YAIR BARAK v. ACS INTERNATIONAL PROJECTS, LTD., etc.

CourtDistrict Court of Appeal of Florida
DecidedApril 28, 2021
Docket20-1557
StatusPublished

This text of YAIR BARAK v. ACS INTERNATIONAL PROJECTS, LTD., etc. (YAIR BARAK v. ACS INTERNATIONAL PROJECTS, LTD., etc.) is published on Counsel Stack Legal Research, covering District Court of Appeal of Florida primary law. Counsel Stack provides free access to over 12 million legal documents including statutes, case law, regulations, and constitutions.

Bluebook
YAIR BARAK v. ACS INTERNATIONAL PROJECTS, LTD., etc., (Fla. Ct. App. 2021).

Opinion

Third District Court of Appeal State of Florida

Opinion filed April 28, 2021. Not final until disposition of timely filed motion for rehearing.

________________

No. 3D20-1557 Lower Tribunal No. 16-6231 ________________

Yair Barak, Appellant,

vs.

ACS International Projects, Ltd., Appellee.

An appeal from a non-final order from the Circuit Court for Miami-Dade County, Veronica Diaz, Judge.

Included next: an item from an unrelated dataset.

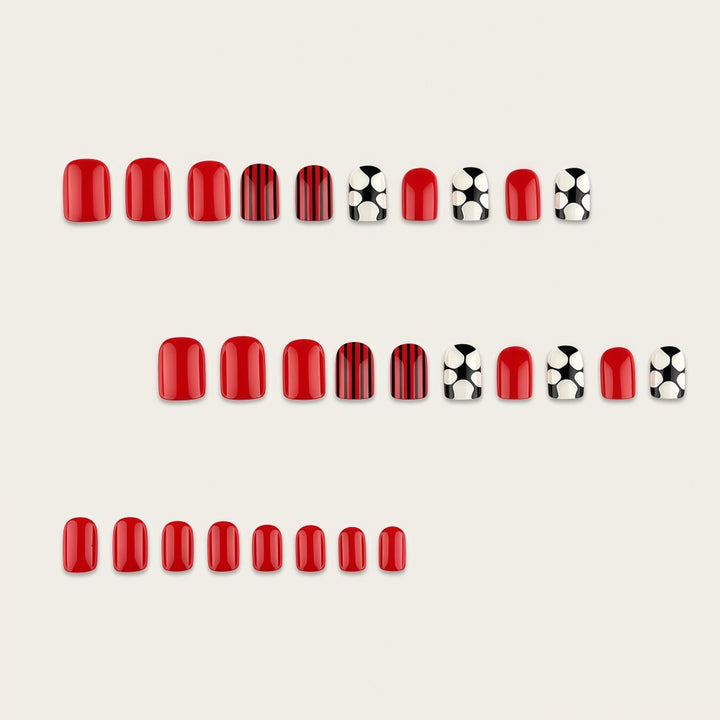 Convincing artificial nails with football motif Stornfield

Yair Barak, in proper person.

No appearance for appellee. 1

Before FERNANDEZ, LINDSEY, and MILLER, JJ.

MILLER, J.

1 Appellee was precluded from filing an answer brief. Through this appeal, appellant, Yair Barak challenges a daily monetary

sanction imposed by the trial court to coerce his compliance with certain

outstanding post-judgment discovery orders. It is axiomatic the assessment

of a fine in this context must be predicated upon a finding of contempt. See

Channel Components, Inc. v. Am. II Elecs., Inc., 915 So. 2d 1278, 1283 (Fla.

2d DCA 2005) (“Notably, rule 1.380 does not specifically provide for the

imposition of a monetary sanction or fine unconnected to the expenses (such

as attorneys' fees) caused by the failure to provide discovery. Thus the

assessment of a fine in the discovery context must be predicated upon a

finding of contempt.”) (citations omitted); Stewart v. Jones, 728 So. 2d 1233,

1234 (Fla. 4th DCA 1999) (holding the “assessment of a fine in the discovery

context must be predicated on a finding of contempt”) (citations omitted); Fla.

Physicians Ins. Reciprocal v. Baliton, 436 So. 2d 1110, 1112 (Fla. 4th DCA

1983) (“Although not authorized by the technical wording of the rule, fines

have been held appropriate through the vehicle of contempt in a discovery

context.”) (citation omitted). Further, the amount of sanctions must have

some bearing upon the harm suffered by the injured party. See S. Dade

Farms, Inc. v. Peters, 88 So. 2d 891, 899 (Fla. 1956) (“[I]n the event that the

violation of the decree has resulted in damages to the injured party, there is

adequate authority to support the assessment of a ‘compensatory fine’ to be

2 paid by the wrongdoing party to the party injured.”); H.K. Dev., LLC v. Greer,

32 So. 3d 178, 183 (Fla. 1st DCA 2010) (finding the sanctions order could

not be upheld “because no evidence was adduced . . . to prove what

relationship, if any, the $31,000 sanction b[ore] to ‘reasonable expenses

caused by the failure’” to appear for deposition) (citation omitted); A Aaable

Bail Bonds, Inc. v. Able Bail Bond, Inc., 626 So. 2d 1105, 1106 (Fla. 3d DCA

1993) (“The trial court's order departs from the essential requirements of the

law because it does not comply with Fl[orida] R[ule of] Civ[il] P[rocedure]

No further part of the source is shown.